Work to be completed: Only the text should be kept: print every entry below exactly and leave each image out.

Data for processing:
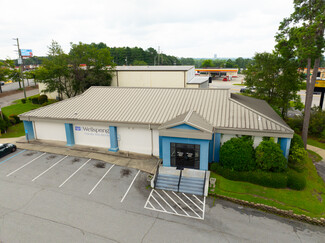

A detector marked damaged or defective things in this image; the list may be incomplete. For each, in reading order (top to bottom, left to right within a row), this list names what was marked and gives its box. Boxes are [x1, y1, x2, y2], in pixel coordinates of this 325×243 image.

crack sealant line on asphalt [0, 149, 25, 166]
crack sealant line on asphalt [6, 153, 46, 176]
crack sealant line on asphalt [31, 157, 68, 181]
crack sealant line on asphalt [58, 158, 90, 188]
crack sealant line on asphalt [119, 170, 139, 202]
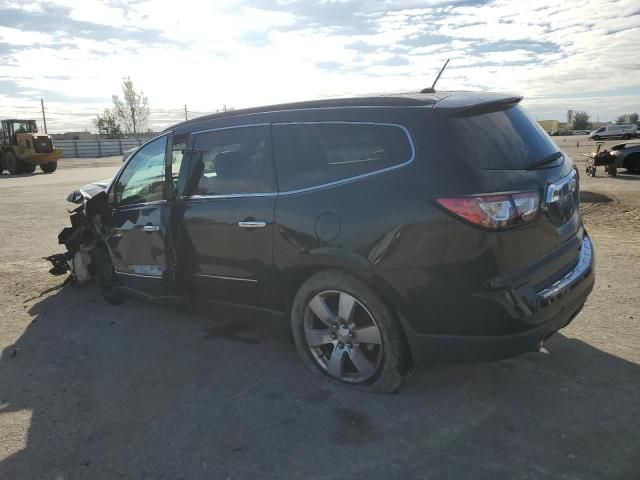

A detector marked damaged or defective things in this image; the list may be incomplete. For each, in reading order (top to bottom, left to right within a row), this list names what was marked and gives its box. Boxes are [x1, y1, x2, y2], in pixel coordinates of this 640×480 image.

Result of this exercise:
A detector marked damaged or defective things in this image; the list may be incomplete. For each, in reading order (top to bottom, left to right within a row), this list names what was marked and gives its box. Boxes are [x1, y1, x2, y2], in pixel coordinates of this 325×243 image.

crack sealant line on asphalt [0, 149, 25, 166]
crack sealant line on asphalt [6, 153, 46, 176]
crack sealant line on asphalt [31, 157, 68, 181]
crack sealant line on asphalt [58, 158, 90, 188]
crack sealant line on asphalt [119, 170, 139, 202]

A detector marked damaged or defective things in this image; the list may be incomplete. For each, in reading order (top to bottom, left to right within a row), this list names what was marked and gives its box. Boxes are [x1, y1, x2, y2], in pixel coordinates of this 640×480 image.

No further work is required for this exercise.